# Task
The copy should hold exactly the lines below from the one that contains "Right now I'm" through the one that contains "You can also" and nothing else, so no pictures.

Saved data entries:
★ ★ ★ ★
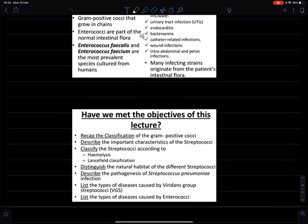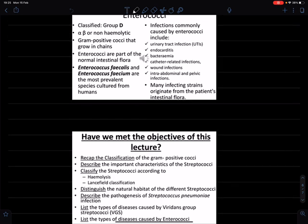And that's Streptococcus in a nutshell. Thank you for watching this video — like and subscribe!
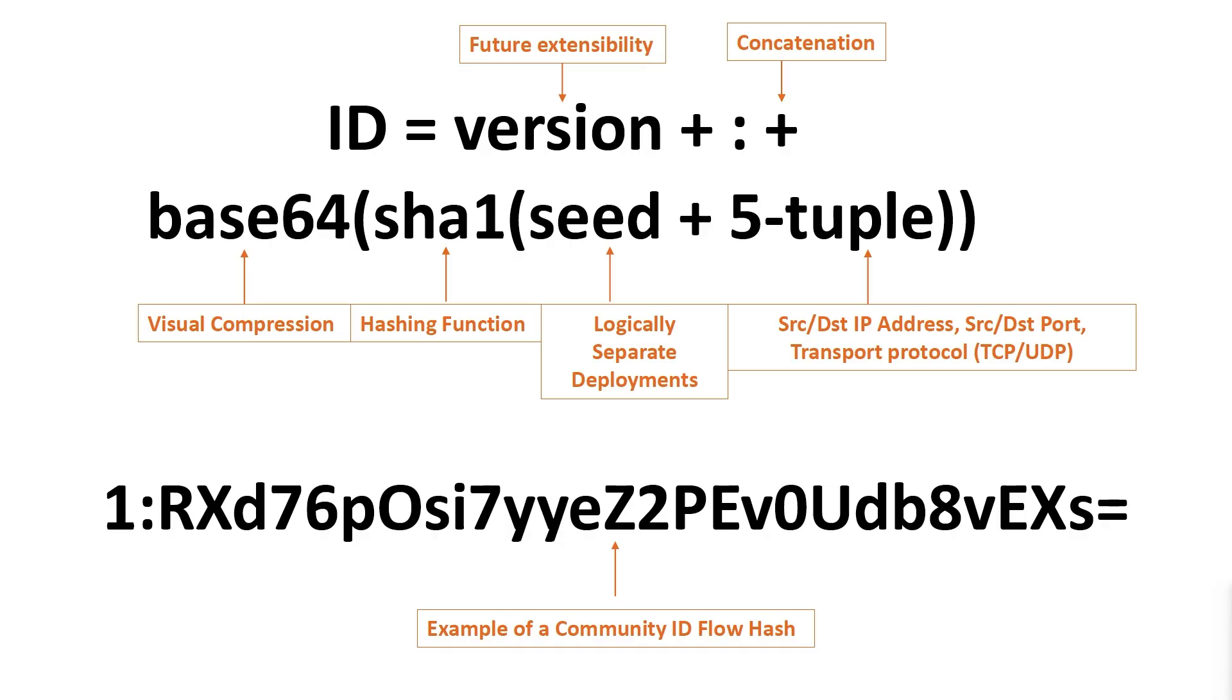Before we get into the setup, I think it makes sense to briefly explain Community ID and why it was created. Community ID was created as part of a collaboration effort between the Zeek and the Suricata communities where there was a need to correlate log data between these two tools without having to create complex joins between the data sets, which can be a tedious process.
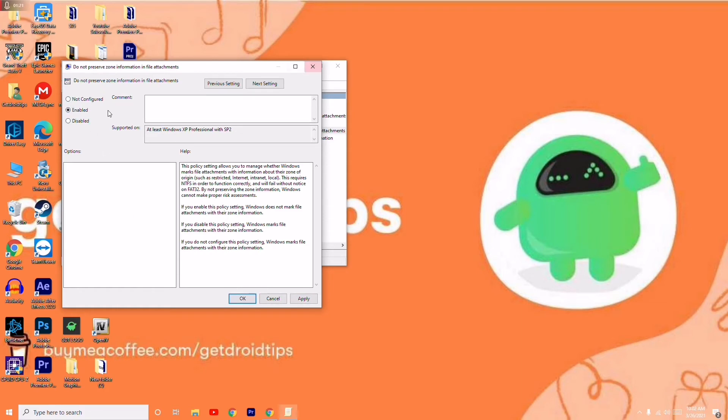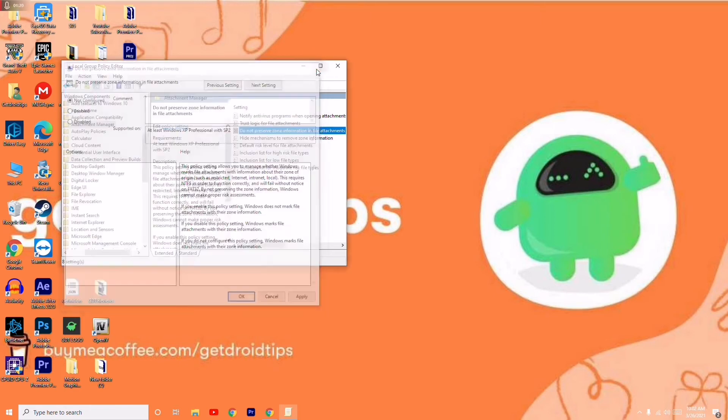Right now I'm not having issues so I'll be keeping the same. For those who are having the issue, just change this to Enabled and go for Apply and OK.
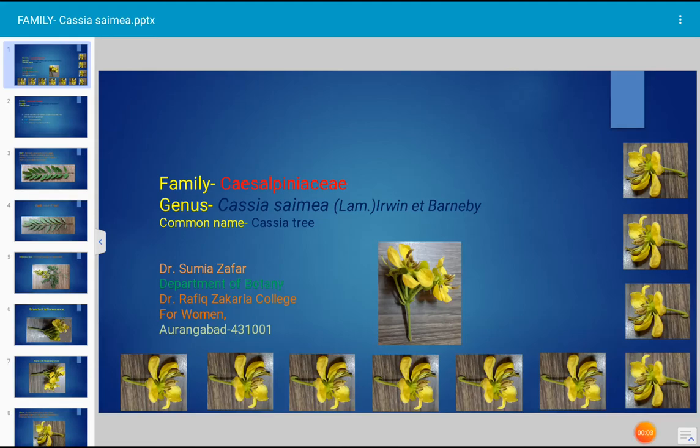Today's topic for discussion is a description of a specific plant, Cassia simea. The common name of this plant is Cassia tree and it is a medium-sized evergreen tree. The family of this tree is Cesalpinaceae. It is very common in tropical and subtropical regions of the world.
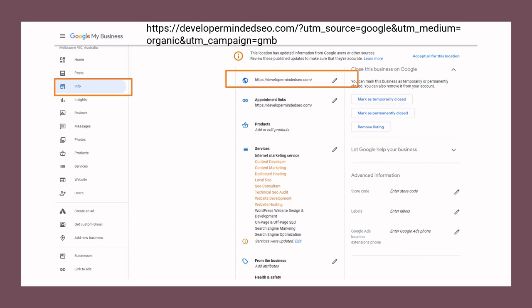You can also track this URL from Google Search Console. Under a filter, you can filter the parameter using a question mark followed by 'utm', and you will get all the traffic you achieved through Google My Business in Google Search Console.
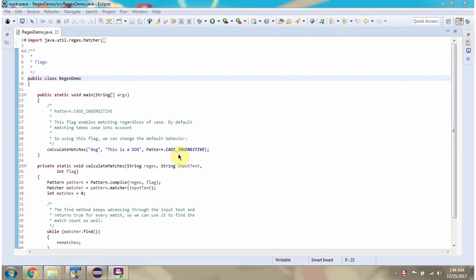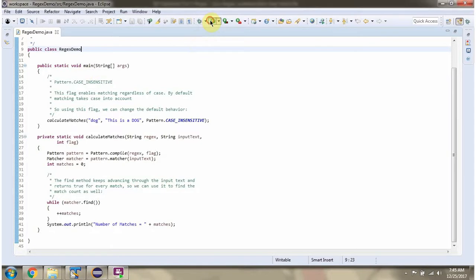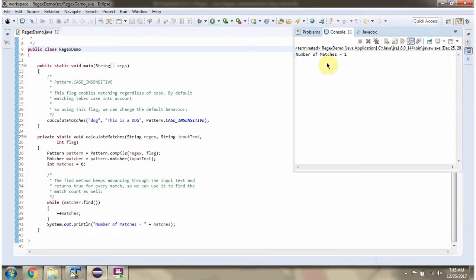In this video tutorial, I will cover the case insensitive flag. Here I have defined the class RegexDemo with a main method. First, I will run this program, then I will explain. Here you can see the output.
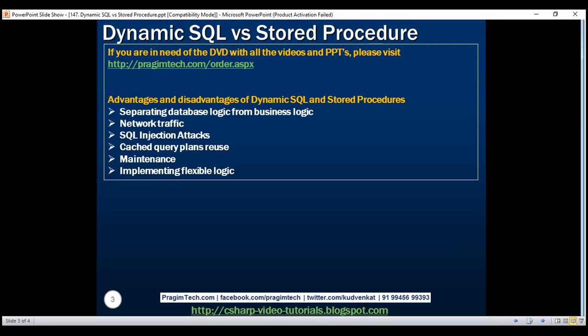Another added benefit is that if you change the stored procedure, there is no need to compile your application code and deploy it. Just modify the stored procedure and you're done. You will lose this benefit if you're composing your dynamic SQL statements in client code, as you'll have to change the application code if there is a bug. Changing the application code requires compilation, build, and deployment.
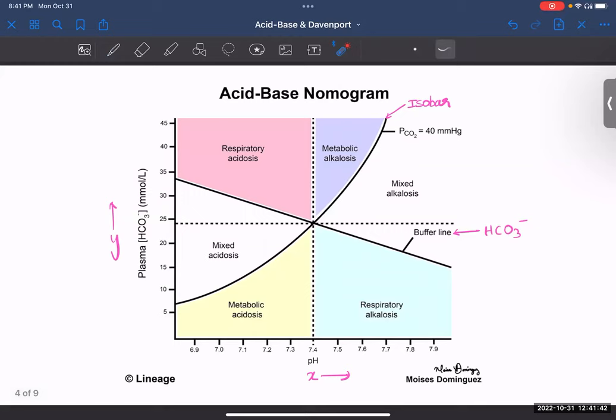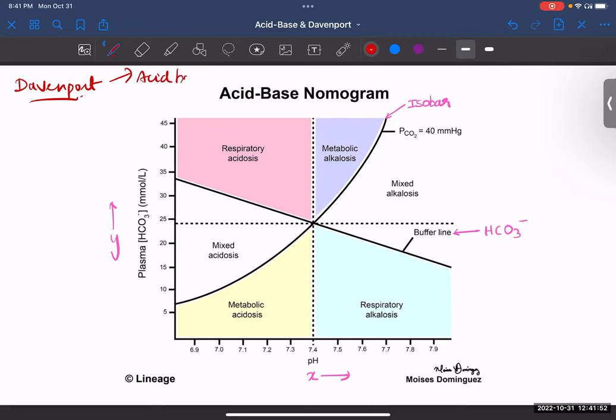Questions were also asked from the Davenport diagram. This diagram is called the Davenport diagram and it is used for measuring acid-base disorders. In this diagram, the x-axis shows your pH and the y-axis shows your plasma bicarbonate level.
★ ★ ★ ★
# Reply
Right now I'm not having issues so I'll be keeping the same. For those who are having the issue, just change this to Enabled and go for Apply and OK.
Today's topic for discussion is a description of a specific plant, Cassia simea. The common name of this plant is Cassia tree and it is a medium-sized evergreen tree. The family of this tree is Cesalpinaceae. It is very common in tropical and subtropical regions of the world.
You can also track this URL from Google Search Console. Under a filter, you can filter the parameter using a question mark followed by 'utm', and you will get all the traffic you achieved through Google My Business in Google Search Console.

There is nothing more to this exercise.